<<<<

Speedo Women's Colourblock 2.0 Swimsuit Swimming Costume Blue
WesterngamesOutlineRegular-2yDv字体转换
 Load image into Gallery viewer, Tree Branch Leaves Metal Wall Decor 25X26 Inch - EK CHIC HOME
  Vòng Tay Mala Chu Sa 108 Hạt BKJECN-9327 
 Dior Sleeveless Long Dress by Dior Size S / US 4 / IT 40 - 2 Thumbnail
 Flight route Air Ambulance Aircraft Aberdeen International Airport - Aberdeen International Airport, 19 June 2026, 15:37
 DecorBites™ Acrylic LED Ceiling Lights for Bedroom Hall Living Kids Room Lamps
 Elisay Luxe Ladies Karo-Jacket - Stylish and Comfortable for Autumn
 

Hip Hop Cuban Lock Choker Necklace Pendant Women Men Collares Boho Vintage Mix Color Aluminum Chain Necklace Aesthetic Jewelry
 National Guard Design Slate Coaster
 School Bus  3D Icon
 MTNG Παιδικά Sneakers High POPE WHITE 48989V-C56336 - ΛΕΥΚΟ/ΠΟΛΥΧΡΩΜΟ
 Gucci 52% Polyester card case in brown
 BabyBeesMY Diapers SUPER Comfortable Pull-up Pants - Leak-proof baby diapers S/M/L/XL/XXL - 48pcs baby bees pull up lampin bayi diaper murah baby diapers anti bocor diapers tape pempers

>>>>

(Prompt) Checking the material above line by line, count those that include the string "Women". Give the number alone.

(Written answer) 2